Oh, Hi! (2025)

If I had a nickel for every 2025 picture about a woman named Iris going on a romantic retreat with her boyfriend only to learn that he means much less to her than she thought, I’d have ten cents. What, were you expecting a Doofenschmirtz joke here? Please, I’m almost forty. 

Iris (Molly Gordon, who also has a “story by” co-credit) and Isaac (Logan Lerman) are on their first romantic weekend away together after seeing each other for four months. The two abscond to a rented farmhouse in High Falls, NY, where things seem to be going really well. They have great sexual and conversational chemistry, and they end the first lovely day together with a scallop and pesto pasta meal that Isaac prepares before they head to the bedroom, where they use the bondage gear that they discovered in a locked closet to cuff Isaac’s wrists and ankles to the bed. Afterward, when Iris starts to talk about their relationship, Isaac tells her that he never assumed that they were exclusive, and the conversation they previously had about their status was interpreted differently on both ends; she thought that they were dating dating, and he assumed that she simply didn’t want him to have unprotected sex with other people. Hurt (and more than a little drunk), Iris leaves Isaac chained up while she spends the rest of the night frantically googling ways to make him realize that she’s the one. The next morning, she tells him that she’ll uncuff him after twelve hours but that she intends to spend that time convincing him that they are meant to be together. After this time elapses, however, Isaac still isn’t won over, so she refuses to release him and calls her best friend, Max (Geraldine Viswanathan) for help, not realizing that she also brought her own boyfriend, Kenny (John Reynolds), whose Law & Order expertise means he knows that what Iris has done is a felony, and she’s now made Max and Kenny accessories. 

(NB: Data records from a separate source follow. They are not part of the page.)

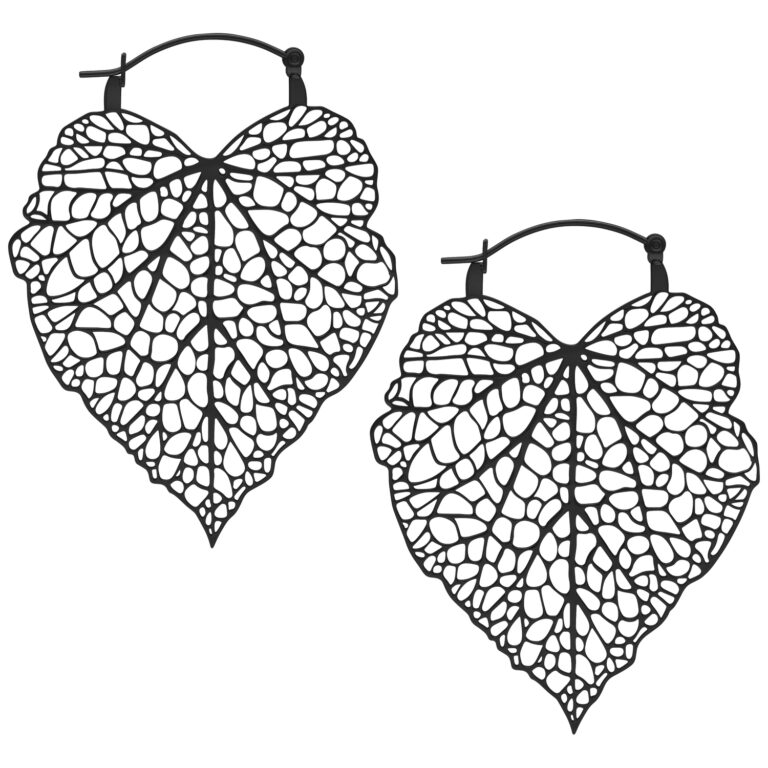 Dos pendientes negros en forma de hoja sobre fondo blanco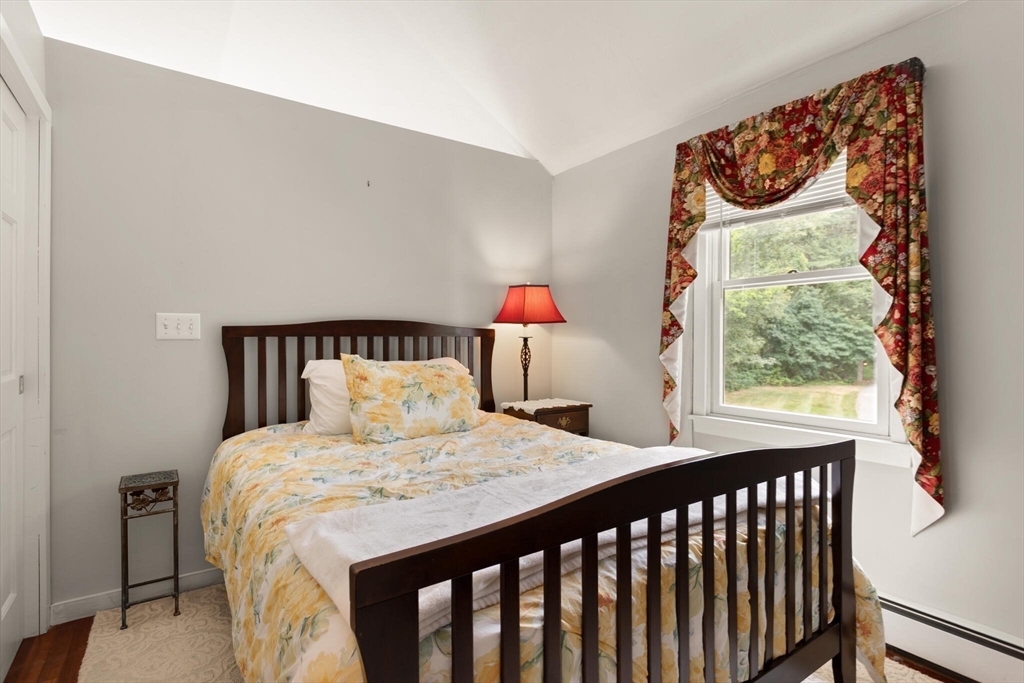 Pepperell, Massachusetts, 01463, United States, 4 Bedrooms Bedrooms, ,4 BathroomsBathrooms,Residential,For Sale,1925594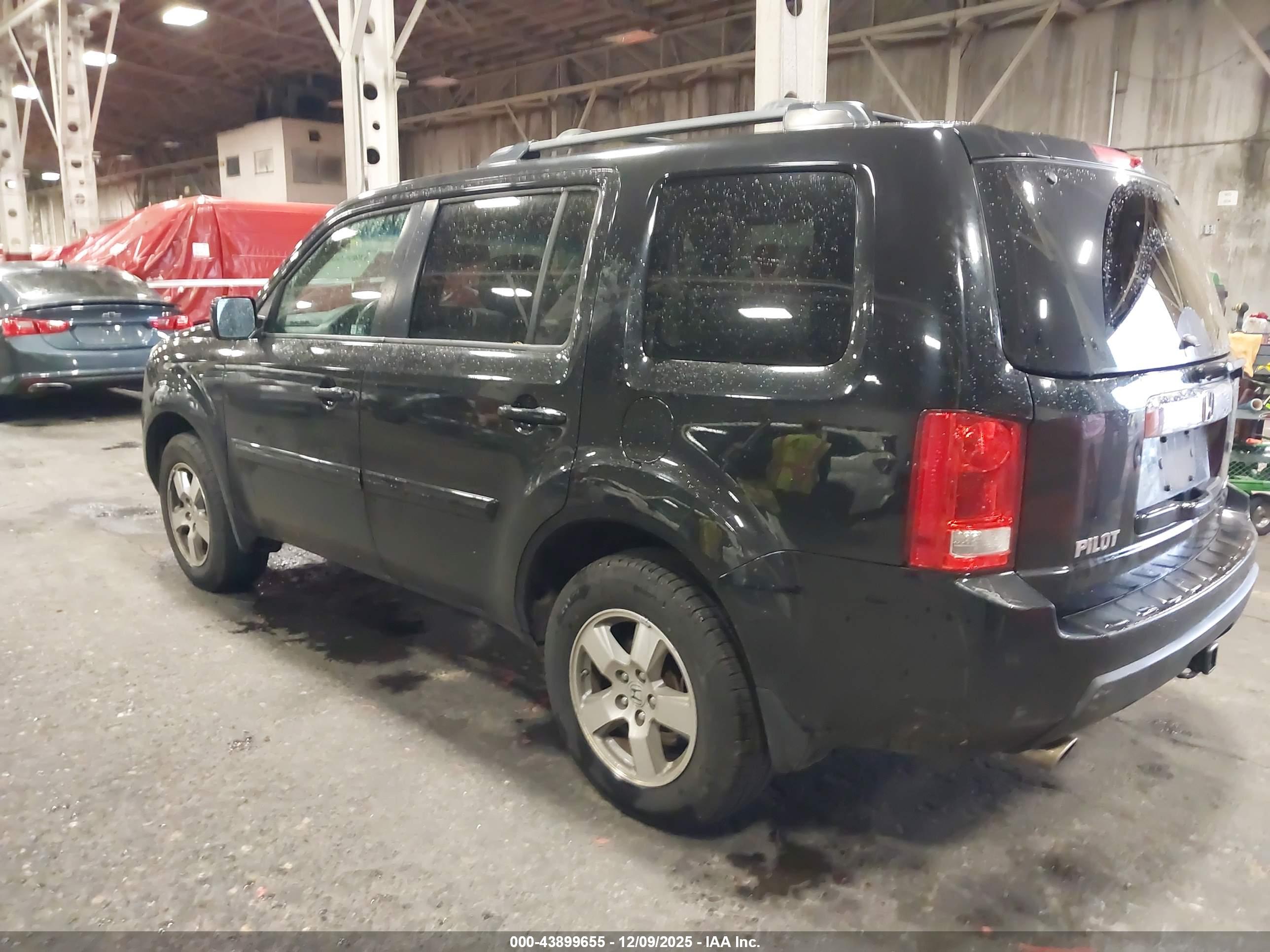HONDA PILOT image 3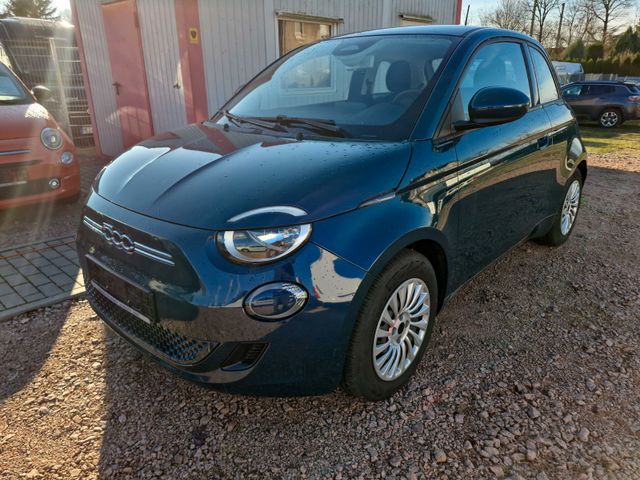 Fiat 500e 23,8 kw/h- Radiopaket-Winterpaket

Molly Gordon is a lot of fun here as the deranged Iris, whose actions are unjustifiable but also ultimately sympathetic. If you had Logan Lerman chained to a bed, would you ever let him go? I didn’t think so. At one point, Max explains to Iris that Isaac is a “soft boy,” a variation on the fuck boy archetype who uses apparent emotional vulnerability and openness as a manipulation tactic to make women fawn over them, and she’s not wrong. Although we get a hint that Isaac is a bit of a dick in the film’s opening scene, wherein he flirts with a roadside strawberry stand worker with little to no regard for Iris’s feelings as she watches the whole thing go down, his actions once they get to the farmhouse are openly romantic and sweet, playing the part of the perfect boyfriend through and through. The cracks show once he’s been chained to a bed for over half a day, but one can hardly hold it against him that he resents the position that he’s been put in, even if what’s happening to him is not totally undeserved. Iris is doing something that we all have fantasized about doing at one point or another in our lives: forcing the object of our yearning and affection to spend enough time with us that they realize that it’s foolish not to give things a real chance. Although my daydreams about getting a heartbreaker to settle down have never involved a bound Logan Lerman (that’s filed under a completely different section of my fantasy catalog), one can’t help but appreciate the feelings that Iris has, even if we can’t justify her actions. 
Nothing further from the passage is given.